I ran into similar situations when my son was a baby. He couldn't handle formula, and I was unable to nurse him myself due to illness. So, I did some research and started giving him goats milk from my goats (I did pasturize it at the time because he was only 4 months old). I was told by many people that I was going to make him grow up unhealthy and the it was unsafe to give my child milk from "farm" goats....yep that is what they called them. Not sure what other kind of goats there are, but anyways, he is now a 4 foot tall just turned 4 year old who can read and write. I would say the goat milk did him good! Don't let people push you around when it comes to your family and your children. You know what is best, not those looking in. Do what you know is right and thumb your nose at everyone else! Happy milking


----------



## smithurmonds (Jan 20, 2011)

What Vicki said is good advice indeed! I'd be pretty touchy if someone called my milk nasty. Having it tested is a great idea if it would make you feel better equipped to defend it, or even for your own peace of mind. But generally I don't try to convince people who don't want to try my milk.

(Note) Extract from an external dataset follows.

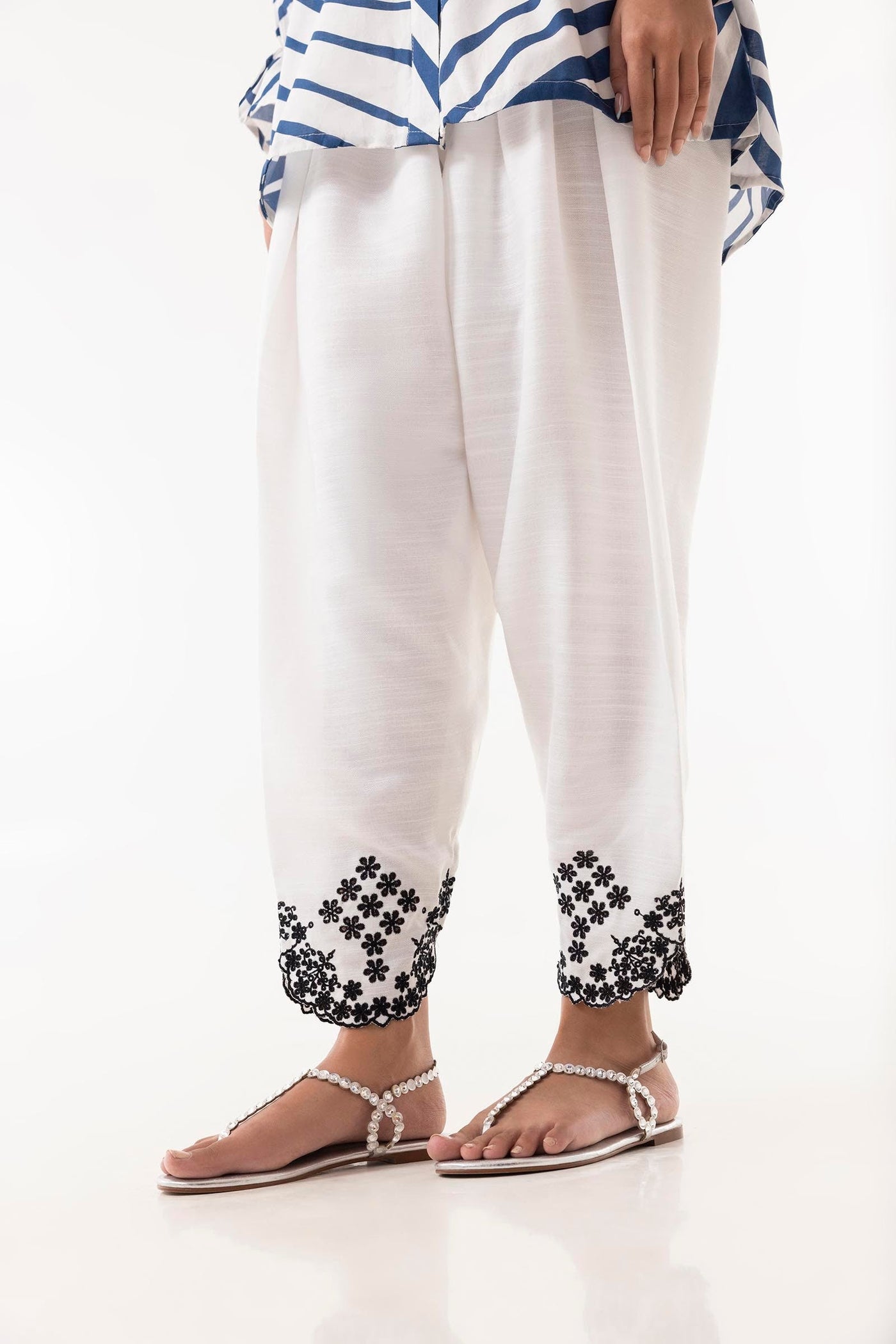 https://cdn.shopify.com/s/files/1/0740/1753/8280/files/fw24trd134_2_6c8d5c2b-b9eb-47c5-b060-599c9142d949.jpg?v=1756732717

I don't feel like I need to justify my decision to consume our milk.


----------



## buckrun (Mar 7, 2008)

Alisa did you have cultures done to know that your animal died of listeria? 
There are other things that 'act' like listeria in kids. You would have to have lab tests to say that for sure. 
I have stood next to a vet telling me an acidic doe was dying of listeria. So hopefully you had more than just opinion on that diagnosis. Disorders that manifest as metabolic disease are difficult to diagnose and often produce similar symptoms so when a serious zoonotic life changing bacteria is suspected I would be asking for proof.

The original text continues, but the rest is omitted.